The present study was initiated to examine a quantitative relationship between tetrachloroethene (TETRA) in blood and urine with TETRA in air, and to compare TETRA in blood or urine with trichloroacetic acid (TCA) in urine as exposure markers.


In total, 44 workers (exposed to TETRA during automated, continuous cloth-degreasing operations), and ten non-exposed subjects volunteered to participate in the study. The exposure to vapor was monitored by diffusive sampling. The amounts of TETRA and TCA in end-of-shift blood and urine samples were measured by either head-space gas chromatography (HS-GC) or automated methylation followed by HS-GC. The correlation was examined by regression analysis.


The maximum time-weighted average (TWA) concentration for TETRA-exposure was 46 ppm.

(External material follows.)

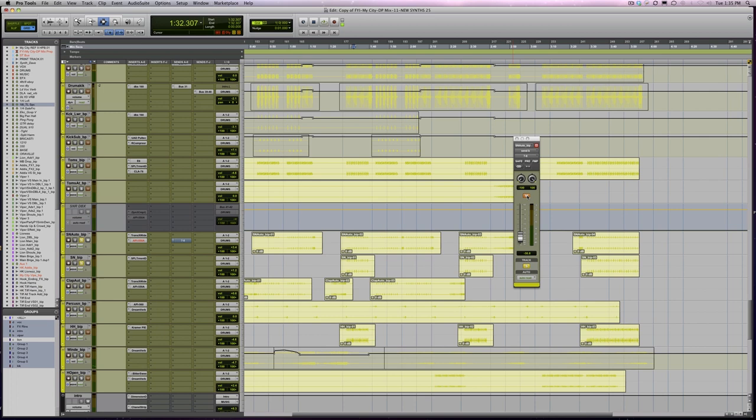Let me show you non-lin on the snare sound. This is without it, soloed. And one more time in the track. So that's non-lin on the snare.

Regression analysis for correlation of TETRA in blood, TETRA in urine and TCA in urine, with TETRA in air, showed that the coefficient was largest for the correlation between TETRA in air and TETRA in blood. The TETRA in blood, in urine and in air correlated mutually, whereas TCA in urine correlated more closely with TETRA in blood than with TETRA in urine. The TCA values determined by colorimetry and by the GC method were very similar. The biological marker levels at a hypothetical exposure of 25 ppm TETRA were substantially higher in the present study than were the levels reported in the literature. Possible reasons are discussed.


Blood TETRA is the best marker of occupational exposure to TETRA, being superior to the traditional marker, urinary TCA.